> Task prompt
Nothing but the lines from the one with "2025 Mazda Mazda CX-5 2.5 S Select AWD" through the last line of the entries below should appear in the copy, please, and no pictures.
==== Provided records ====
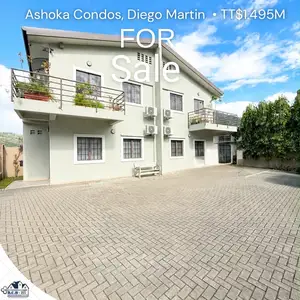 2-bedroom house in Diego Martin for sale, Diego Martin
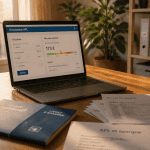 APL et epargne simulateur et releves bancaires
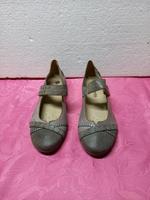 schöne Ballerina Gr39 Taupe *Remonte* wie neu Niedersachsen - Rhauderfehn Vorschau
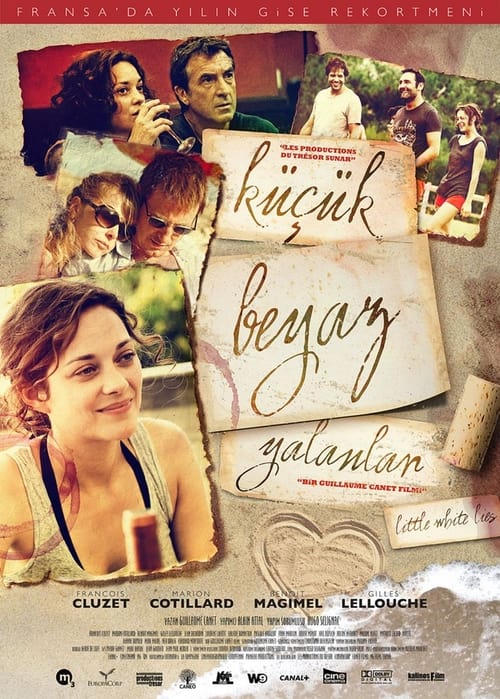 Küçük Beyaz Yalanlar Little White Lies Tr Dublaj izle (2010)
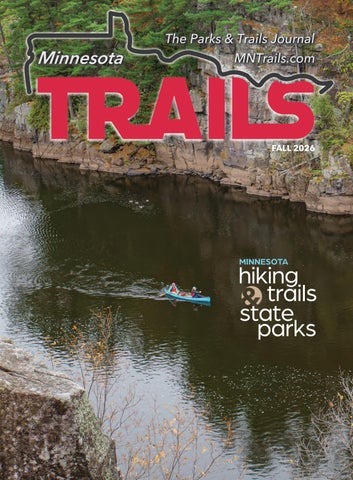 Minnesota Trails 2026 Fall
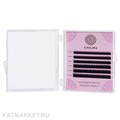 Enigma Ресницы цвет Мокка микс 0,07/C/6-8 mm (6 линий) 81104001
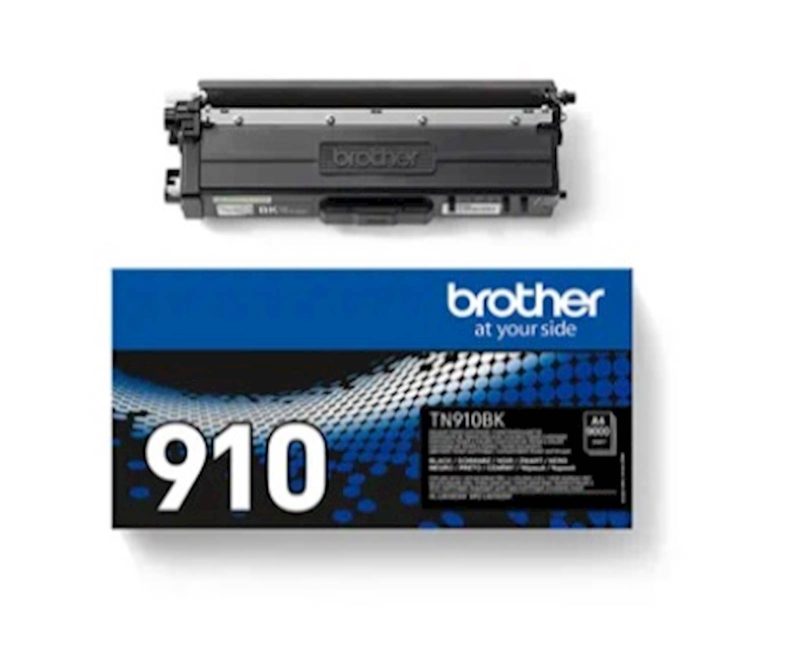 Toner BROTHER TN-910BK - Image 2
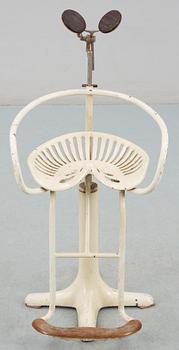 STOL, läkarstol, 1910-tal.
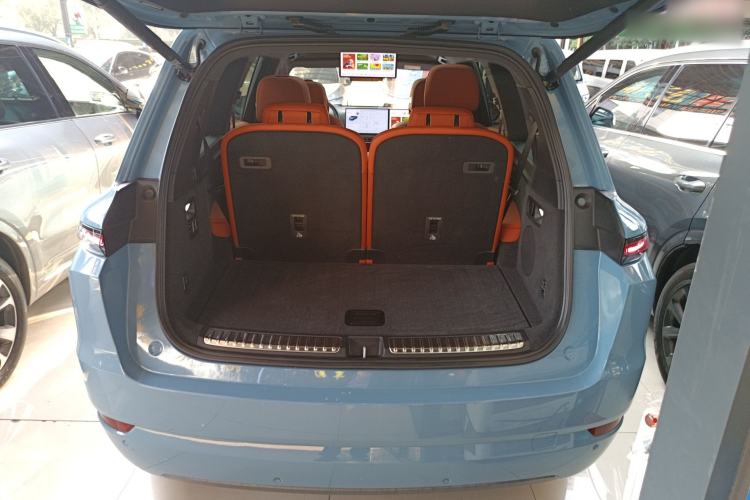 Used Li Auto L9 2022 Max model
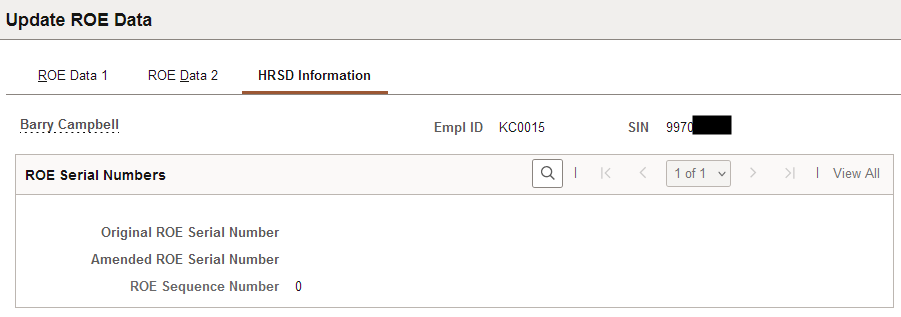 HRSD Information page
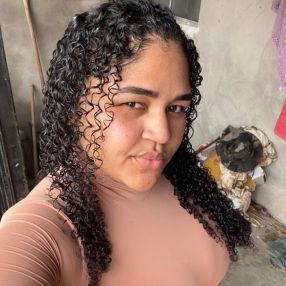 Nenezinha, Babá em Bacabal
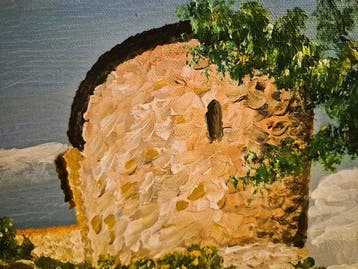 Gerald Groshens - La Chapelle Saint Jérome, Antiek en Kunst
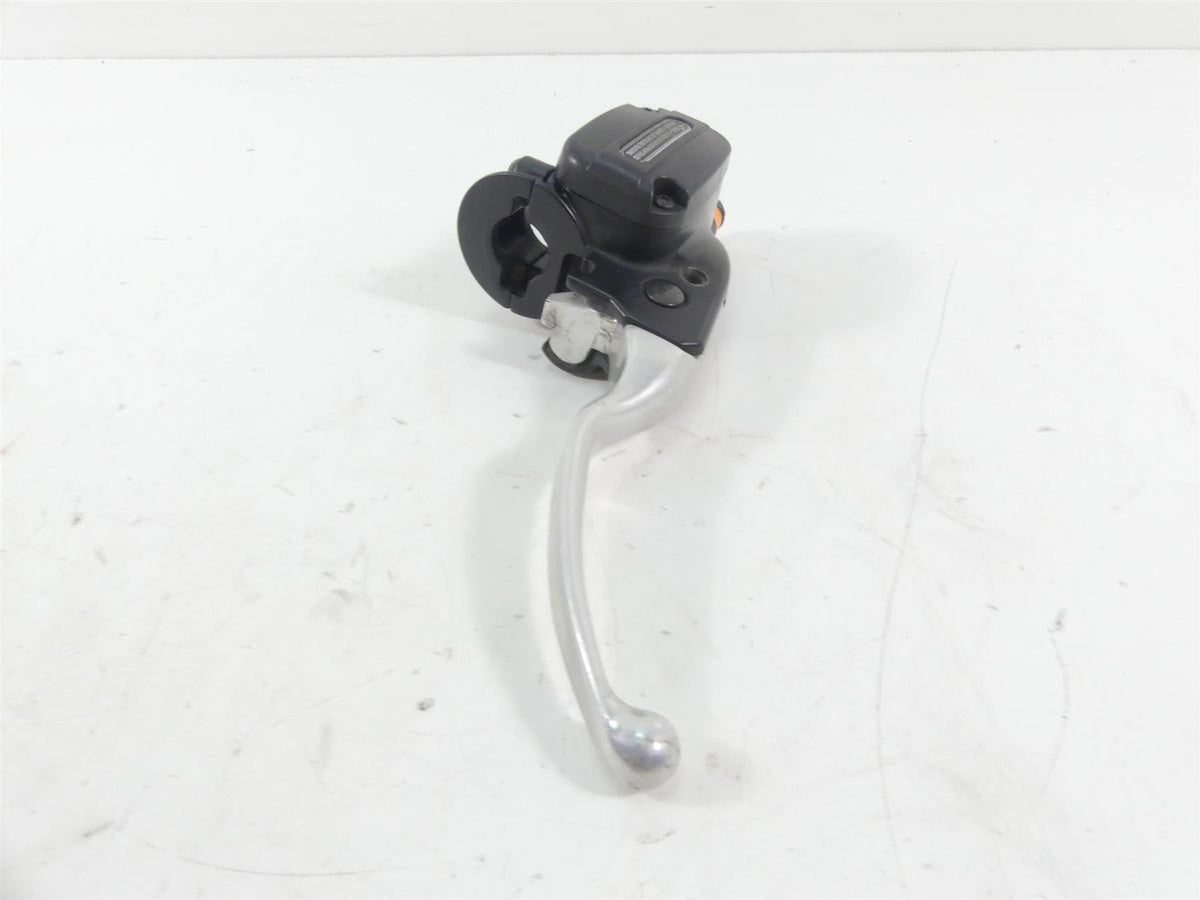 2014 Harley Touring FLHX Street Glide Front Brake Master Cylinder 44551-08F {{ shop.shopifyCountryName }} - Mototech271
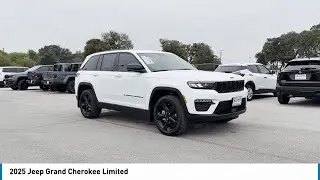 INGRAM PARK CDJR 2025 Jeep Grand Cherokee C373470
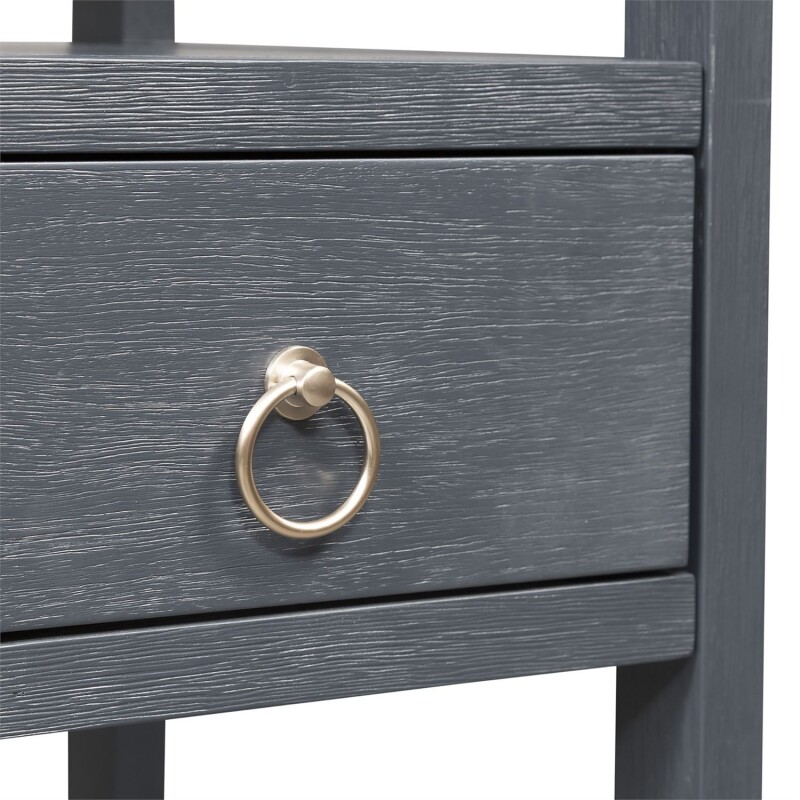 East End Accent Bookcase 2030AB3970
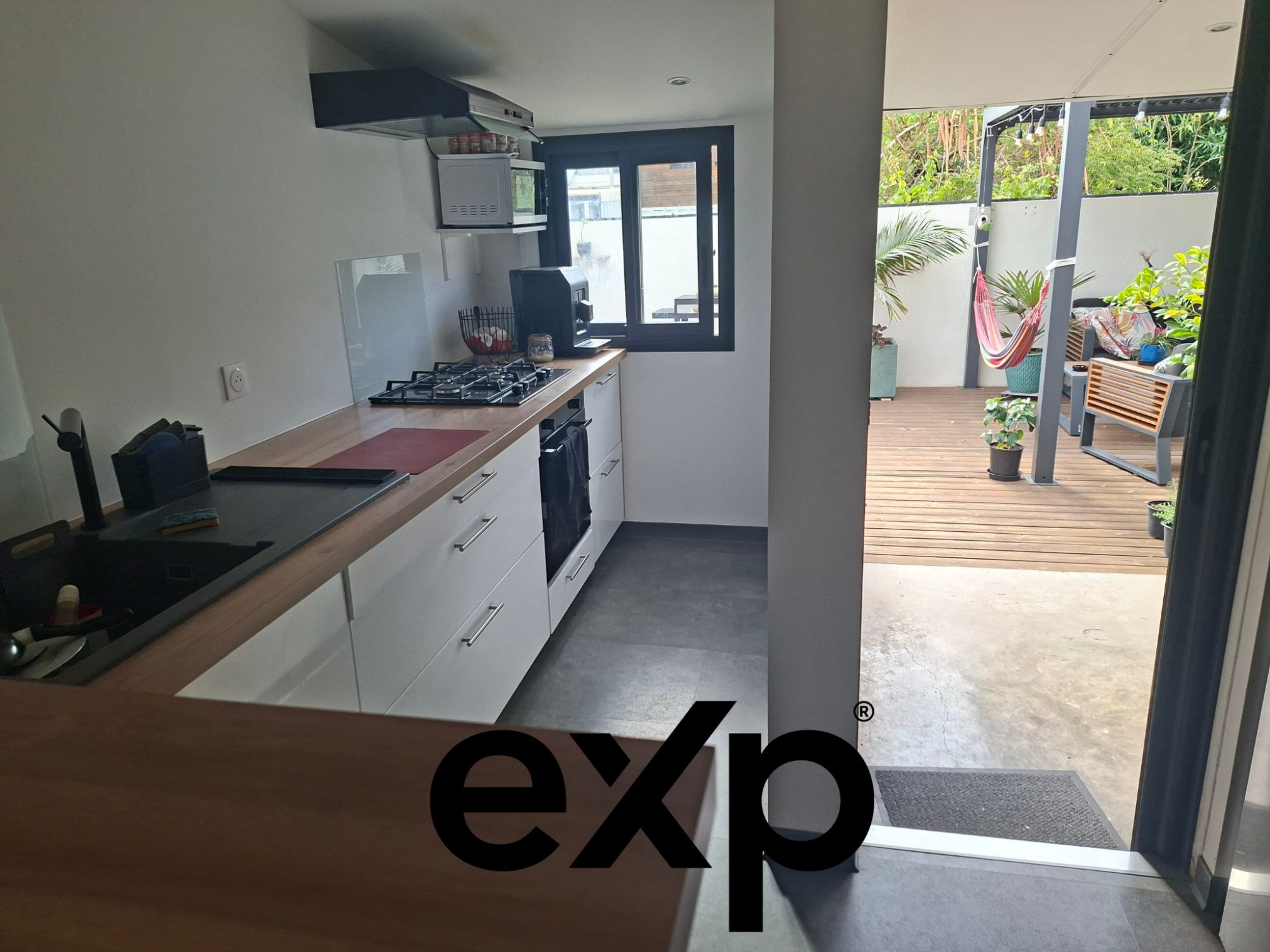Maison à vendre à Le Port, 63 m²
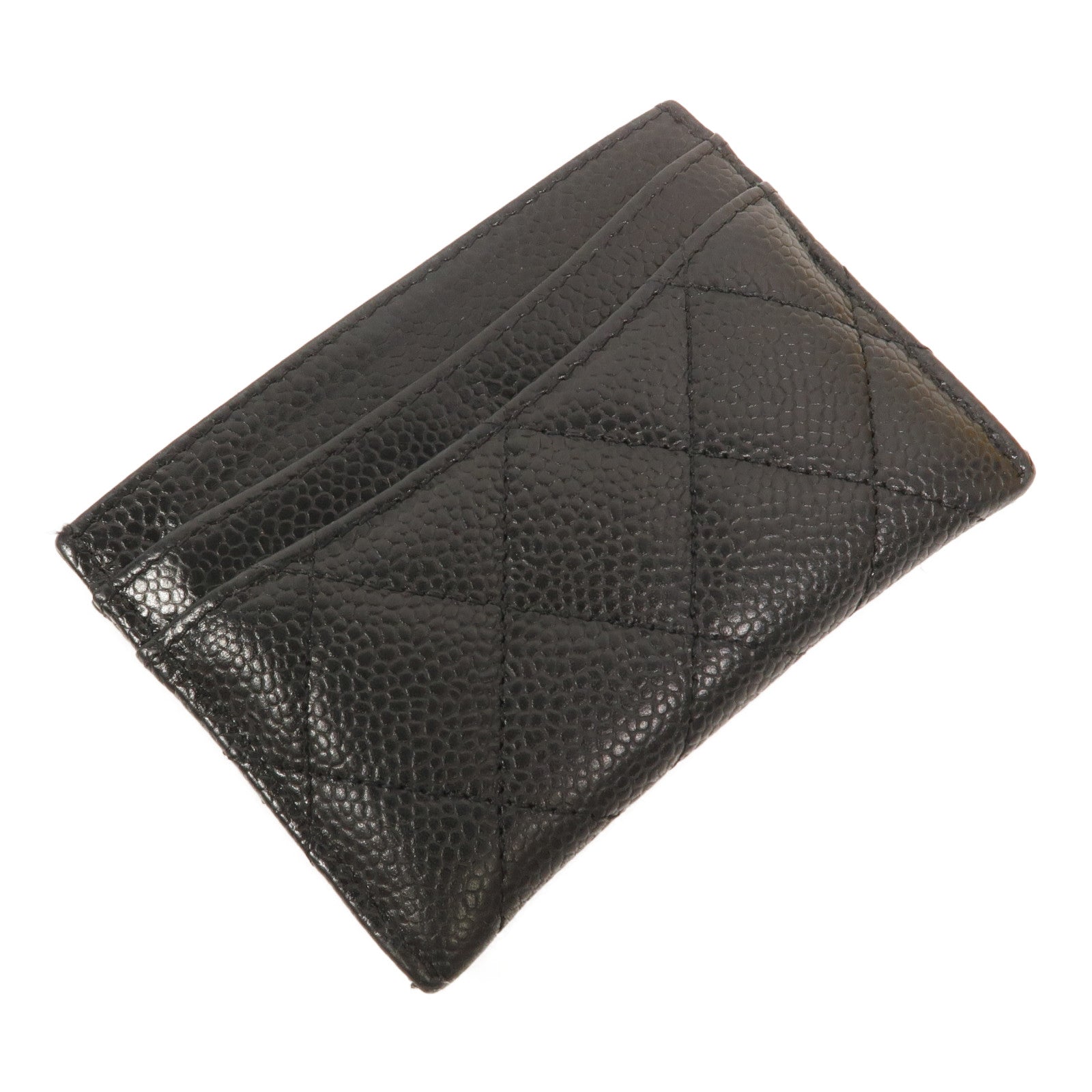 CHANEL 牛皮皮革Classic Card Holder卡片套
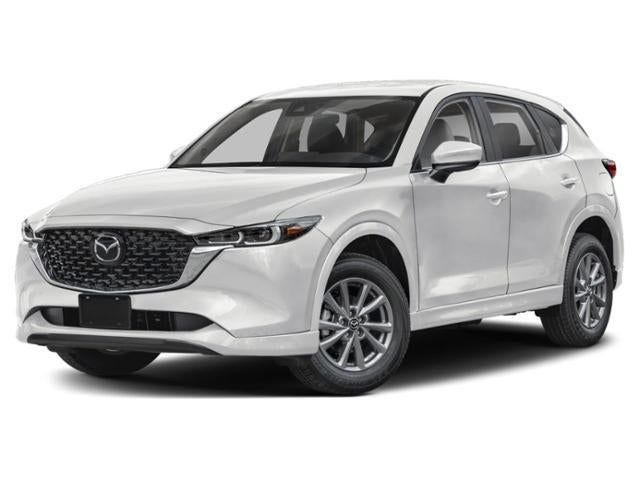 2025 Mazda Mazda CX-5 2.5 S Select AWD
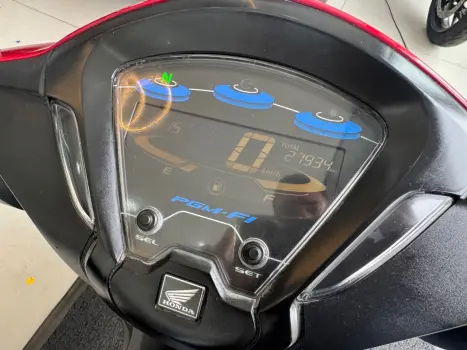 HONDA Biz 125 EX, Foto 7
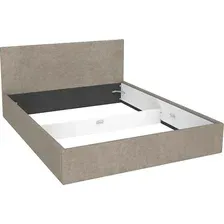Каркас кровати МДК Диана Beige КР-BE1600 160x200
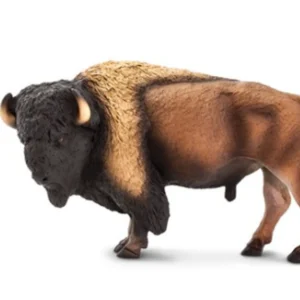 Bison Figurine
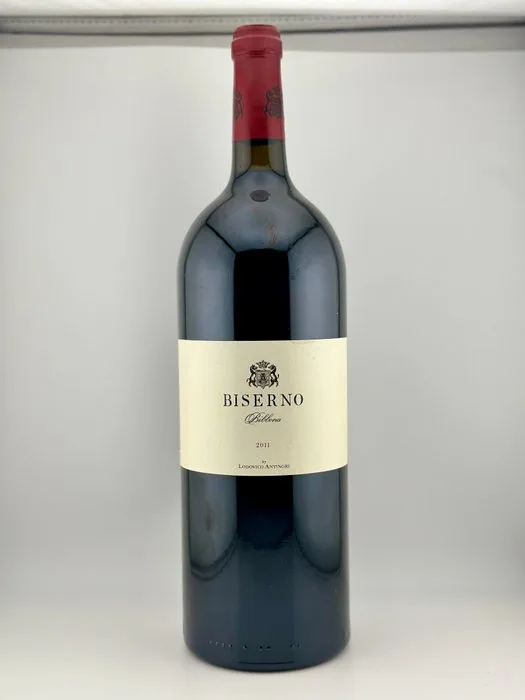 2011 Tenuta di Biserno, Biserno - Tuscany - 1 Magnum (1.5L)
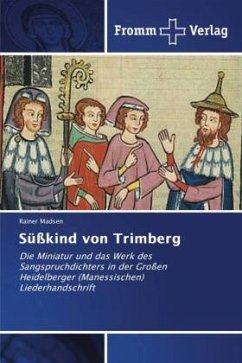 Süßkind von Trimberg - Madsen, Rainer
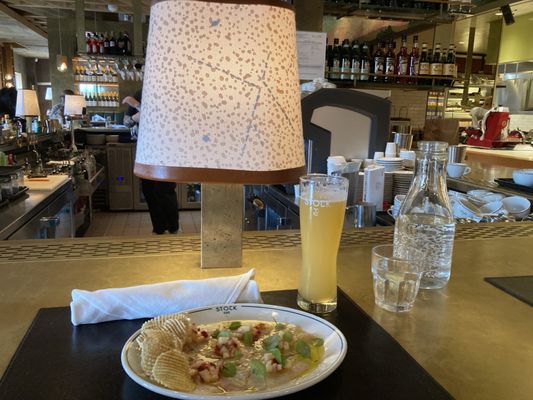 STOCK T.C Grocer by null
====
> Response to this task
 2025 Mazda Mazda CX-5 2.5 S Select AWD
 HONDA Biz 125 EX, Foto 7
Каркас кровати МДК Диана Beige КР-BE1600 160x200
 Bison Figurine
 2011 Tenuta di Biserno, Biserno - Tuscany - 1 Magnum (1.5L)
 Süßkind von Trimberg - Madsen, Rainer
 STOCK T.C Grocer by null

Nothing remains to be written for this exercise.